Tam adı Notre-Dame de Paris olan Notre Dame Katedrali, Paris’in en önemli sembollerinden biri olmasını, muhteşem mimarisi kadar Victor Hugo’nun ölümsüz eseri “Notre Dame’ın Kamburu”na borçlu. Hepimiz Notre Dame’ın Kamburu “Quasimodo” ve güzeller güzeli aşkı “Esmeralda”nın hikayesini biliriz.

Ne tuhaftır ki bu hikayeyi bilmemizin nedeni büyük olasılıkla Victor Hugo’nun kitabını okumuş olmamız değil, aynı adlı eserden uyarlanmış filmlerinden birini izlemiş olmamızdan kaynaklanıyor… “Bana su verdi” repliğinin pek çok kişinin hafızasında önemli bir yerde saklandığını tahmin ediyorum. Ah tabii bir de benim de izleyip çok sevdiğim o meşhur “Notre Dame de Paris Müzikali” var… İşte bu tüm bu detayların ışığında bu yazıda durağımız Paris’in meşhur katedrali Notre-Dame de Paris olacak…
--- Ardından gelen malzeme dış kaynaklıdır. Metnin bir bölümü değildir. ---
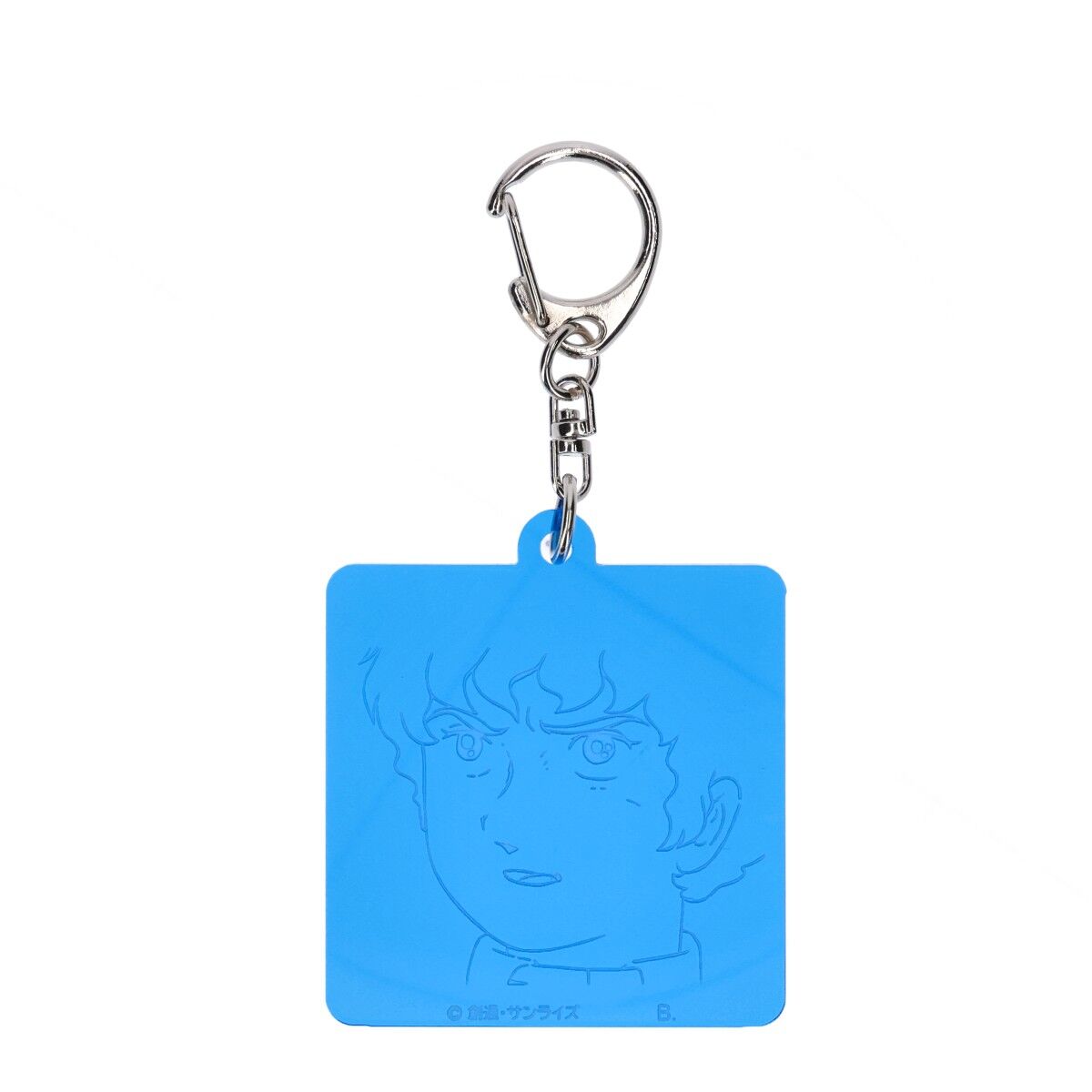 機動戦士ガンダム 地球連邦軍フェイスデザイン アクリルキーホルダー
Her şehrin bir baş kilisesi oluyor, o şehrin piskoposluk merkezi de bu baş kilise yani katedral adıyla anılıyor. Yani her şehrin bir katedrali var ve Fransa’da Notre-Dame’dan çok daha görkemli katedraller bulunuyor. Yine de, dediğim gibi, Notre-Dame pek azımsanmayacak mimari görkemi yanında turistik ününü Victor Hugo sayesinde kazanmış durumda. Özellikle Orleans, Floransa ve Toledo’da gördüğüm katedralleri unutmam mümkün değil.

Paris’in ilk yerleşim yeri olan ve Seine Nehri ortasında yer alan Cité Adası‘nda inşa edilen muhteşem yapı Fransız gotik mimarisinin en önemli örneklerinden biri. Yapımına 1163’te başlanan kilise tam anlamıyla 1345’te bitirilmiş, tarih boyunca da türlü değişikliklerle ve eklemelerle günümüze kadar ulaşmış.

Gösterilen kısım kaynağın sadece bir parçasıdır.